Delay items emission until item is emitted from another observable - reactive-programming

Playing with RxJava now and stumbled upon the following problem:
I have 2 different streams:
Stream with items
Stream (with just 1 item) which emits transformation information for the first stream.
So essentially I have stream of items and I want all those items to be combined with that single item from 2nd stream:
----a1----a2----a3----a4----a5----|--------------->
-------------b1--|----------------------------------->
^^^^^^^^^^^^^^^^^^^^^^^^^^^^^^^^^^^^
------------a1b1-a2b1-a3b1-a4b1-a5b1-------->
It looks really similar to combileLatest operator, but combineLatest will ignore all items from the first stream except the closest to the item from the second stream. It means that I will not receive a1b1 - the first resulting item emitted is gonna be a2b1.
I also looked at delay operator, but it doesn't allow me to specify close stream like it is done with buffer operatior
Is there any fancy operator which solves the problem above?
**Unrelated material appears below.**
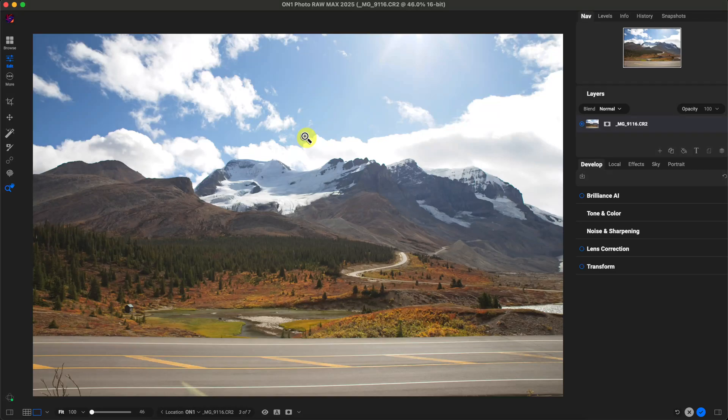What's up, On One Photo Raw photographers. In this video tutorial, we're going to take a look at blending modes and see how they work and how they can help your photography workflow. So let's get started.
There are several ways of making this happen:
1) flatMap over b if you don't need to start a upfront
b.flatMap(bv -> a.map(av -> together(av, bv)));
2) You can, of course, cache but it will retain your as for the entire duration of the stream.
3) Use groupBy a bit unconventionally because its GroupedObservable caches values until the single subscriber arrives, replays the cached value and continues as a regular direct observable (letting all previous cached values go).
Observable<Long> source = Observable.timer(1000, 1000, TimeUnit.MILLISECONDS)
.doOnNext(v -> System.out.println("Tick"))
.take(10);
Observable<String> other = Observable.just("-b").delay(5000, TimeUnit.MILLISECONDS)
.doOnNext(v -> System.out.println("Tack"))
;
source.groupBy(v -> 1)
.flatMap(g ->
other.flatMap(b -> g.map(a -> a + b))
).toBlocking().forEach(System.out::println);
It works as follows:
Get a hold onto a GroupedObservable by grouping everything from source into group 1.
when the group g arrives, we 'start observing' the other observable.
Once other fires its element, we take it and map it over the group and 'start observing' it as well, bringing us the final sequence of a + bs.
I've added doOnNexts so you can see the source is really active before the other fires its "Tack".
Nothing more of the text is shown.